Posted at — Mar 2, 2015

For many years after Microsoft deployed the registry it was the hell of all hells. It was the one thing that could kill your windows server or desktop and could render your machine unusable. In some cases you could boot into single user mode and repair it; years later there was a snapshot tool; and a plethora of 3rd party tools that did the same.

The etcd project from CoreOS defines etcd as “A highly-available key value store for shared configuration and service discovery”.

Talking about Service Discovery,

If you’re deploying a gaggle of applications in your environment they may need to discover each other in order to communicate on some level. This function is/was traditionally performed with a DNS server and/or configuration files. In this environment systems and services were typically static, however, in the world of containers and virtualization anything can be anywhere. And worse yet the IP address can change more frequently. High Availability(HA) and system hardware, container failures and system/application upgrades (blue/green) can make the entire system unstable.

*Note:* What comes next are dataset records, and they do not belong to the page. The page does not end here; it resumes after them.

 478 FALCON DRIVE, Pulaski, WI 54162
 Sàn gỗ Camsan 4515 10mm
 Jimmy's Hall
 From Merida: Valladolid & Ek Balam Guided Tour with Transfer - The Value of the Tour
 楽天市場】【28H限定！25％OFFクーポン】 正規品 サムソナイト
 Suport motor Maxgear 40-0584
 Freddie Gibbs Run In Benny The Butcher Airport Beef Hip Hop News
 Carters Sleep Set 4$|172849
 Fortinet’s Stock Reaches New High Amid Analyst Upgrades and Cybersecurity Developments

One challenge for DNS is that it has a TTL. It takes time for records to be updated and pass through the system. On the other hand the TTL can be set very low for frequent updates and more importantly DNS is the authority on hostname+IPaddress configurations. However in the realm of service discovery DNS is useless. DNS is essentially a key/value store where the key is the fully qualified domain name(fqdn) and the value is the IP address. Of course there are other records and other ways to search the DNS repository but in the end this is what you get.

But what happens when you take etcd and put a DNS API wrapper around it. That’s the premise behind SkyDNS. SkyDNS provides the same DNS APIs but uses etcd to store the data instead of other mediums like a traditional DNS server. This is ok for a number of reasons. First of all having direct access to etcd means that the data can be updated using standard etcd query strings. It also means that SkyDNS could implement a listener such than when records important to SkyDNS are updated SkyDNS is given a poke so that it can figure out what happened and react.

The big benefit for this model is that the storage and replication is shared and can be easily backed up. Depending on what you know about DNS this could actually be good or bad. DNS replication may or may not be in realtime in the traditional sense. And in SixSigma/Root Cause analysis the notion that SkyDNS relies on etcd means that the aggregate system is inherently less reliable.

Now what is going to happen when you have 20 or 30 applications and services that use etcd in the same way you might have previously used postgres or some other replicated db? Here is the point where I leave you hanging. etcd is a replicated KV store. There are many KV stores. I’m certain etcd is small (the rocket container is 3.5MB) Fleet and flannel and possibly a few systems use etcd for configuration management so it’s clear that it works. But where is the line? Should it be orchestration configuration management or just any kind of configuration?

etcd does not support TLS yet. So security is going to be a hack for a while. What else is missing?

PS: If I had to deploy a DNS server right now I’d probably go with GeoDNS. It has a good reputation and is used by the NTP project. I’m pretty certain that it uses a config file instead of a database for the configuration. This also make replication simple. It also puts the burden on the application and the filesystem to replicate and slide the new configuration in. I do not see it here but I imagine that storing the configuration in a VCS repo and triggering changes would be very useful. As for services it’s time to start looking at the extended attributes.